Nothing should appear in the answer except the lines from the one containing "عکس نوشته شهید احمد کشوری" through the end of the records below, written out exactly.

* Data
......

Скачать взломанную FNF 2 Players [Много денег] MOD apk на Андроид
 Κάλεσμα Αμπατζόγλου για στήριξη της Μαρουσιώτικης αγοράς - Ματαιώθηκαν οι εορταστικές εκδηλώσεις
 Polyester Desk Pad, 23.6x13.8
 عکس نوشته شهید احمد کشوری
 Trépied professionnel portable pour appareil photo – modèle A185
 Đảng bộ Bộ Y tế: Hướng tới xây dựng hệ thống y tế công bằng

......

* Problem solution
 عکس نوشته شهید احمد کشوری
 Trépied professionnel portable pour appareil photo – modèle A185
 Đảng bộ Bộ Y tế: Hướng tới xây dựng hệ thống y tế công bằng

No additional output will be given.